Of course just as Dolarhyde is about to exact his revenge, alien spacecraft suddenly mosey into town, blasting their death rays willy nilly and abducting screaming citizens left, right and centre. Suddenly the two men must band together, form a posse and head on out into the wildness in hot pursuit of the extra-terrestrial fiends. Said posse is made up largely of your typical Western types – the straight laced citizen, (Sam Rockwell; Moon), world-weary preacher (Clancy Brown; The Informant!), expert tracker & token Apache (Adam Beach; Flags of Our Fathers), a few grizzled stockmen who double as fodder for alien lasers, as well as a beautiful and mystifying woman (Olivia Wilde; Tron: Legacy).
The performances from the generally stellar cast are generally middling, and reflective of the clichéd, uninteresting characters that the various actors are forced to portray. As with so many films where amnesia is central to the story, I had little interest in uncovering any of Lonergan’s past, especially as it becomes increasingly clear how generic and boring it is. Craig does silent and stoic well – when he talks, the American accent, although not entirely unconvincing, just sounds plan wrong coming out of 007’s mouth. It doesn’t help that he’s being asked to sell not one but two romantic subplots, both of which are as thin as paper and as passionate of soggy cardboard. Olivia Wilde does a poor job as the more prominent of the two love interests, a character whose part in the story is as unnecessary as it is absurd.

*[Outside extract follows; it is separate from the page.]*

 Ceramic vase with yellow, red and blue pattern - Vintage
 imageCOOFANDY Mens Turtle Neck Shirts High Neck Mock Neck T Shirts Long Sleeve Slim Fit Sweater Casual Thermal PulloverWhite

Those hoping to see Harrison Ford in a rare villainous role will also be disappointed; by the end of the first act his characters redemption is already well underway, while Ford looks about as interested in his part in the movie as I was. Sam Rockwell and Clancy Brown at least seem to be trying, but there’s little they can do in such predictable roles. Paul Dano (There Will Be Blood) on the other hand, is incomprehensibly bad – like, worst performance of the year bad – as the snivelling Dolarhyde Jr. Why his father wasn’t happy to let him rot in an alien spaceship is far beyond me.
The aliens are even more insipid, both in their characterisation and design. It’s ironic really; early Westerns depict a revisionist version of American history where the noble white man was the conqueror of the uncivilized “Injun”. Now, in the age of political correctness, Favreau goes to great lengths to include positive Native American characters in his films heroic climax, only to imbue the inter-stellar villains with the same one-dimensional badness audiences would have associated with Apaches and Comanches half a decade earlier. Despite their superior technology, the aliens in this film are depicted as savage, greedy and completely devoid of individual identity – why they are abducting people is never adequately explained – and audiences are asked to root for their deaths at the hands of the morally righteous humans.
Cowboys & Aliens does manage to limp along with some life for it’s first two thirds, thanks mostly to Craig and a couple of individually well crafted scenes of atmosphere (a sequence in an overturned steamboat, blessedly free of alien blasting, is amongst the best moments in the film). But the final climax, following the recovery of Lonergan’s memory thanks to some Indian peyote, is such a cacophony of mindless and uncreative action that it seems to drag on forever. Unnamed characters, human and alien, are killed in their dozens without the slighted emotional resonance or flickering of excitement. It’s not as ugly as Battle: Los Angeles, but it’s certainly just as dull. And believe it not, it might just be dumber as well.